The solution I came up with:
{-
- Problem URL: http://code.google.com/codejam/contest/32016/dashboard#s=p0
-
- solve takes as input a list of strings for a particular case
- and returns a string representation of its solution.
-}
import Data.List
solve :: [String] -> String
solve input = show result
where (l1:l2:l3:_) = input
n = read l1 :: Int
v1 = parseVector l2 n
v2 = parseVector l3 n
result = scalar (sort v1) (reverse $ sort v2)
parseVector :: String -> Int -> [Integer]
parseVector line n = map read $ take n $ (words line) :: [Integer]
scalar :: [Integer] -> [Integer] -> Integer
scalar v1 v2 = sum $ zipWith (*) v1 v2 :: Integer
This seems to give the right answer and is orders of magnitude faster. The trick I guess is to not take the word "permutation" at face value when reading problems like this.
according to me(my solution work), you really don't need to permute,
you really need to sort both list,then you require queue and stack,
so how it work
ex:-
input
1 3 -5
-2 1 4
sort
-5 1 3
-2 1 4
then -2*3+4*-5+1*1=-6
ex2:-
so you see
-ve number multiply with most +ve or least -ve
+ve number multiply with most -ve or least +ve
My main question is how to go about optimizing this so that it will actually return a solution, other than passing in the -O flag to ghc, which I've already done.
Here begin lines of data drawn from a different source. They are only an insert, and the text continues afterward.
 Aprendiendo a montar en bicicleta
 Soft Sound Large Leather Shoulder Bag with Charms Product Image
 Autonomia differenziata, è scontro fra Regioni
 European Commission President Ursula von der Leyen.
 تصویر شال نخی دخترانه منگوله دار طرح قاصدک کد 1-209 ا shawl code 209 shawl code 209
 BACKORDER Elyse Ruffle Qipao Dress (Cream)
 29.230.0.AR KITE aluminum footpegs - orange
I think you should reconsider your approach. I think this practice problem is not so much about coding skills but more about problem solving. Trying out all possible permutations is the brute force way and I think you have a good feeling now why this brute force strategy does not work in this case ;). It really can be done in 3 lines of code when you use stl algorithms (not including in- and output of course).
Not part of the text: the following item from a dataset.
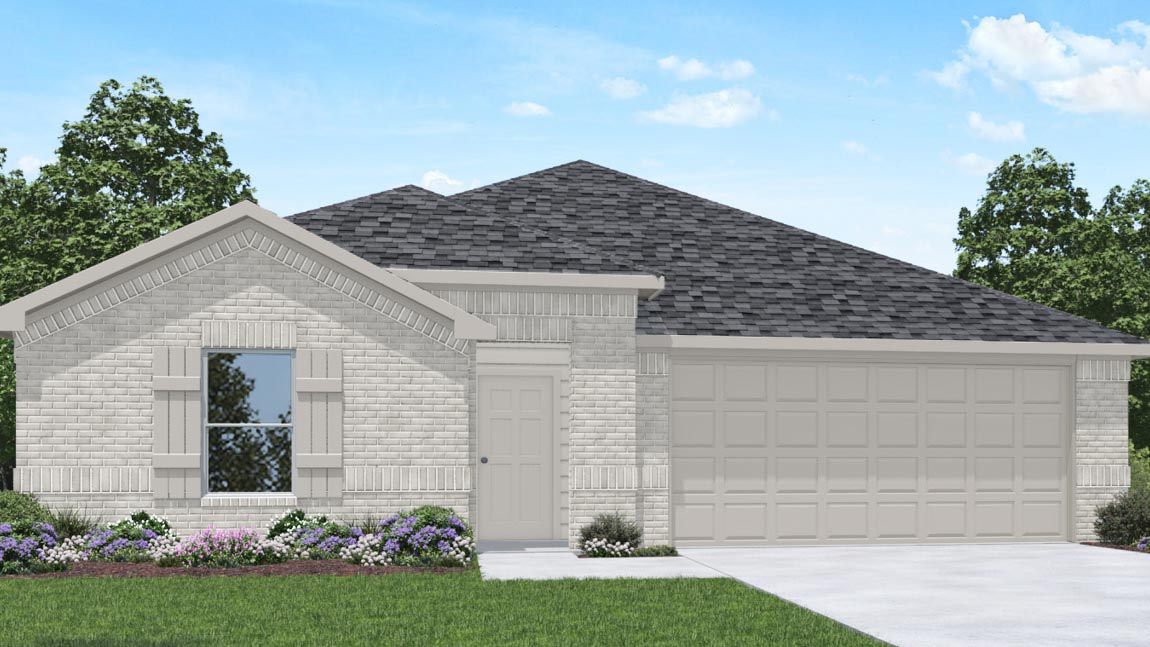 One story home with two car garage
Actually Madan Ram already gave some kind of solution. However, in case you will ever be given such a problem in an interview, you will also have to know why it works for all cases (not just for a number of examples). So my advice is to take a pen and a piece of paper and do some examples by hand, then you will find out how to do it.
SPOILER ALERT
Its hard to give a hint without spoiling to much, but as the solution has been posted already... Try to start simple. Which element in the first vector has the biggest contribution to the scalar product? To which element from the second vector do you have to mulitply this one to get in total the smallest contribution to the scalar product?